Security teams must be alert to the possibility of compromise arising from a vulnerability in Apache Commons Text which could put many organizations at risk, but is unlikely to be as impactful as the 2021 Log4Shell vulnerability.
First disclosed on October 13 and assigned CVE-2022-4288, the vulnerability arises from how Apache Commons Text—a popular text manipulation toolkit that offers additions to the text processing of the standard Java Development Kit—performs variable interpolation, also known as such as string substitution.

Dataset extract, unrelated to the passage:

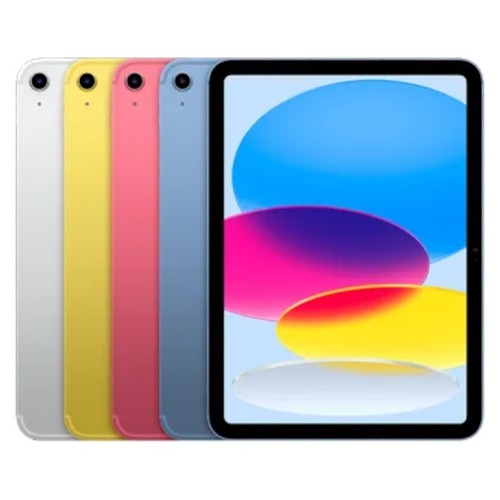Apple ipad 5g - ipad, 2025)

The library contains a standard lookup format for interpolation, but versions 1.5 through 1.9 were found to contain some other default lookups that could accept untrusted data from a remote attacker, leading to remote code execution.
Version 1.10.0 of Apache Commons Text disables these problematic formats by default, and users are advised to upgrade to this version immediately. Paul Ducklin of Sophos further advised users to sanitize their inputs by searching for and excluding potentially dangerous character sequences from the input; search their networks for Apache Commons Text software they may not have known they had; and monitor for breaking news about cyberattacks related to the issue.
With the December 2021 Log4Shell incident – the use of which remains widespread almost 12 months later – still fresh in the minds of security professionals, it’s no surprise that some are already calling it Text4Shell.
And indeed, there are some similarities, like Eric Galinkin of Rapid7 pointed out. Most importantly, both are open-source library-level vulnerabilities that can affect a huge number of software applications in which they are used.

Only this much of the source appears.